* _Listed records_
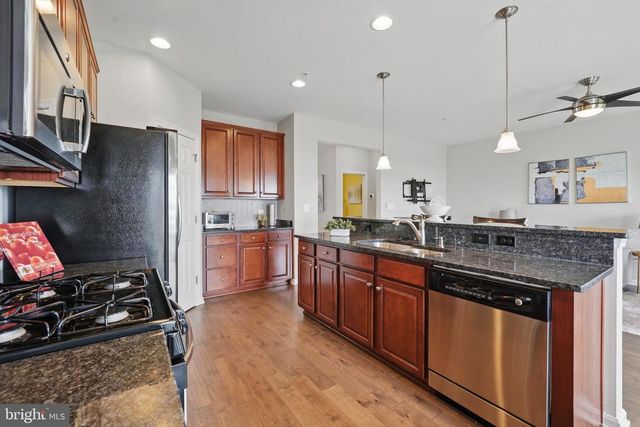 43837 KINGSTON STATION TER, Ashburn, VA 20148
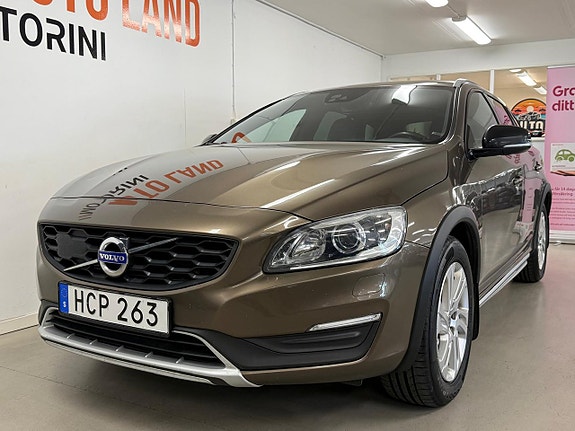 Volvo V60 Cross Country 2 of 27
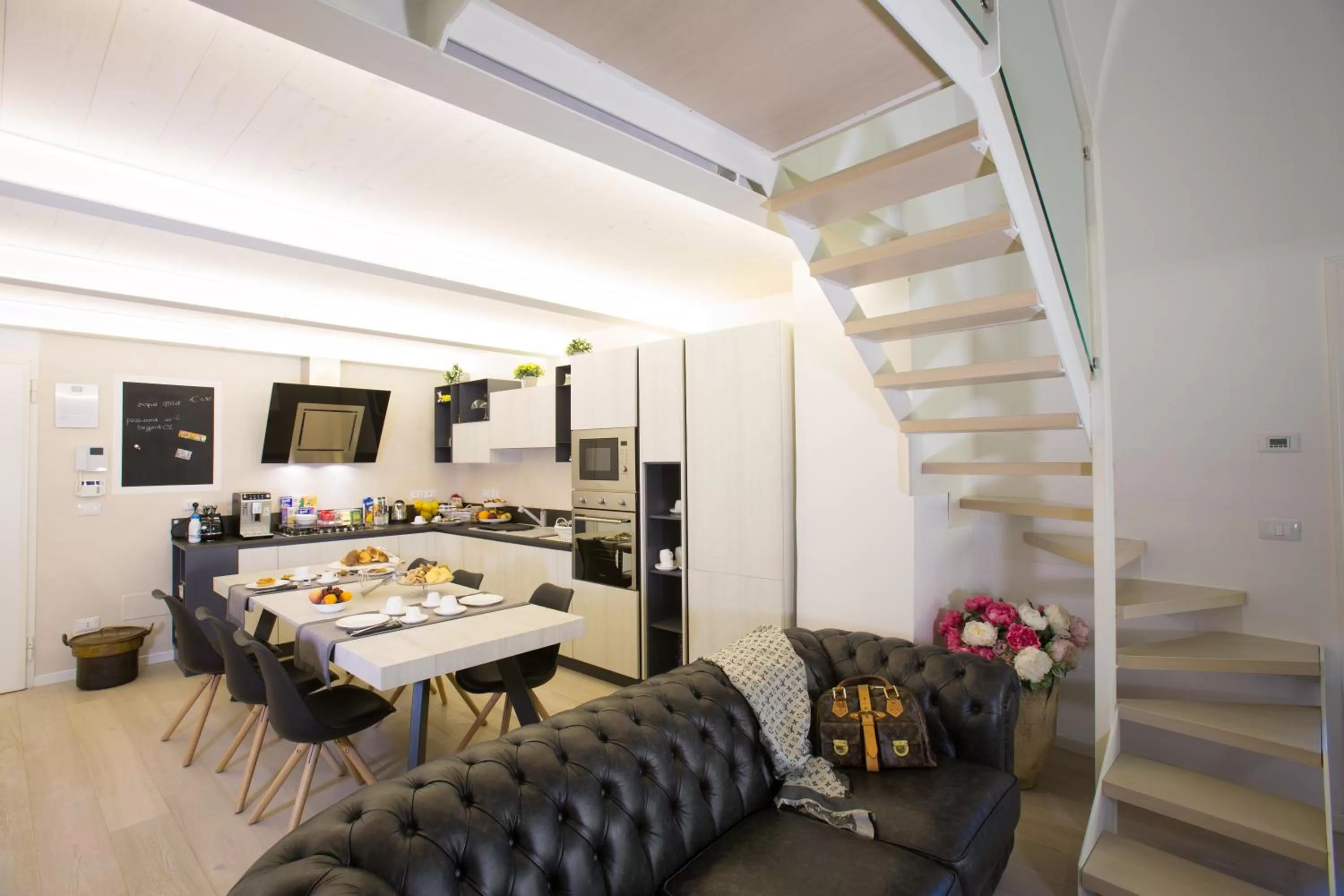 Communal lounge/ TV room in La Finestra sul Convitto B&B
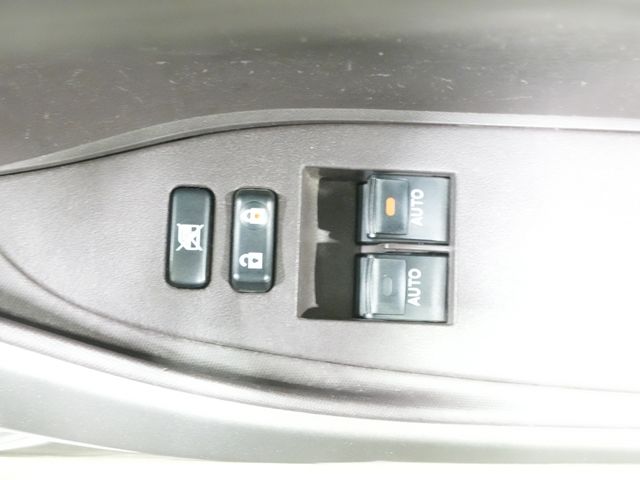 TOYOTA IQ 2009 Image 31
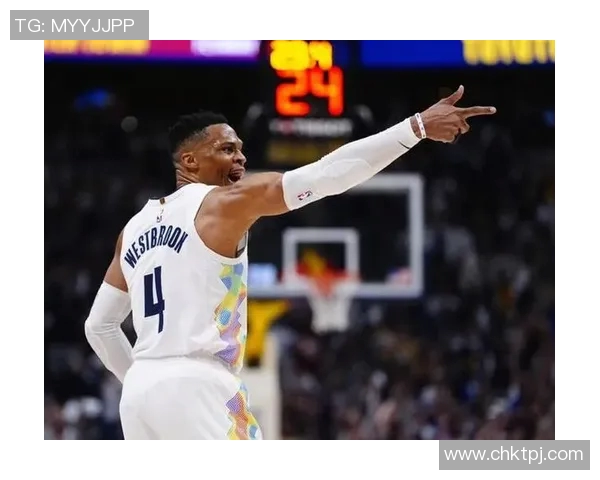 拉塞尔威斯布鲁克的篮球传奇与职业生涯的辉煌历程探讨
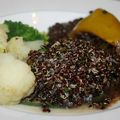 ragout de lentilles beluga, quinoa noir aux herbes accompagnés de chou fleur et brocolis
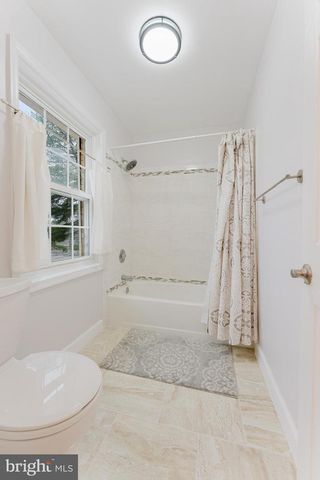 4664 BRADDOCK GREEN CT, Fairfax, VA 22032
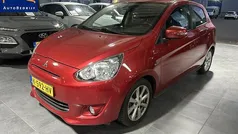 Rood Gebruikt 2015 Mitsubishi Space Star Instyle Hatchback | € 9.950 (Eerlijke prijs)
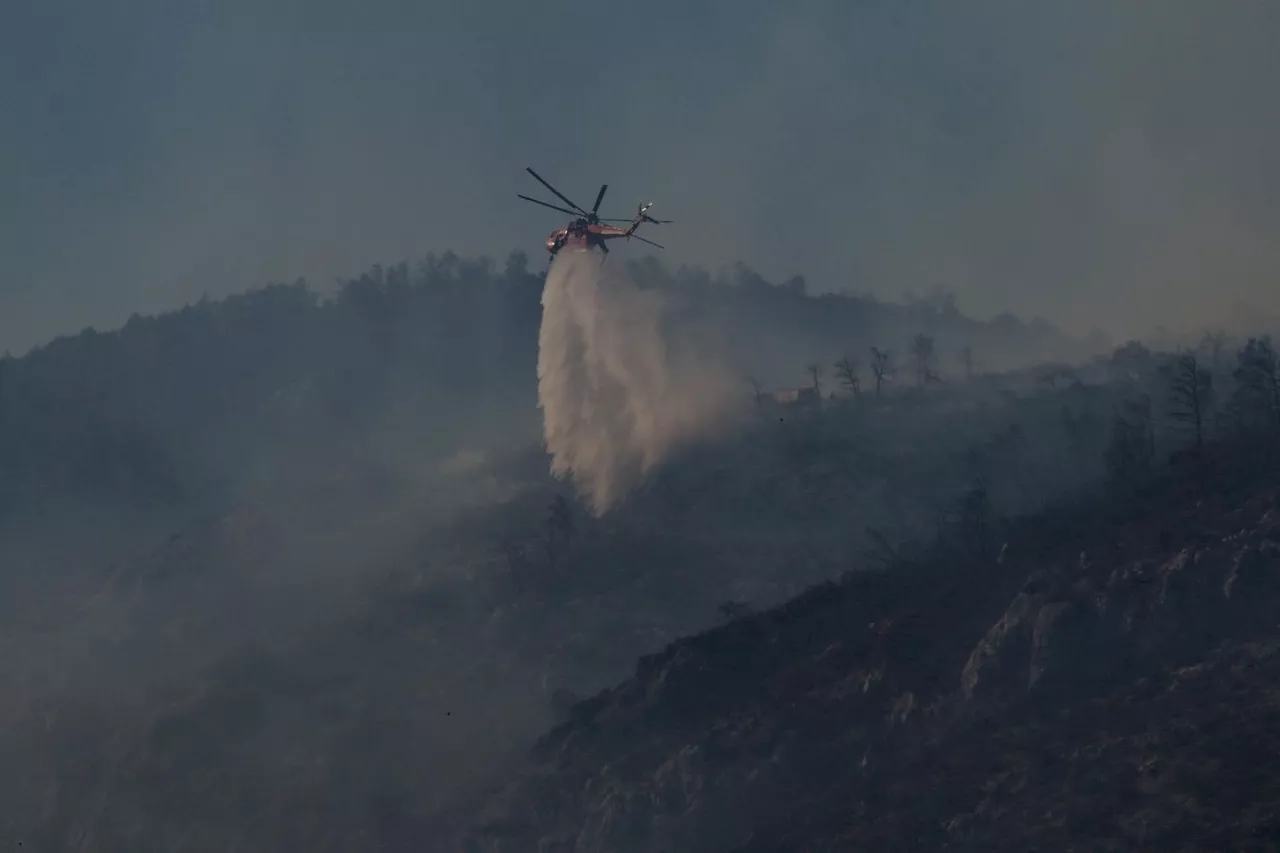 Grèce : feu de forêt près d'Athènes, risques très élevés dans six régions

* _Assigned task_
Every line from the one with "Rood Gebruikt 2015" through the last line of the data must be copied exactly. Leave the pictures out.

* _Solution_
 Rood Gebruikt 2015 Mitsubishi Space Star Instyle Hatchback | € 9.950 (Eerlijke prijs)
 Grèce : feu de forêt près d'Athènes, risques très élevés dans six régions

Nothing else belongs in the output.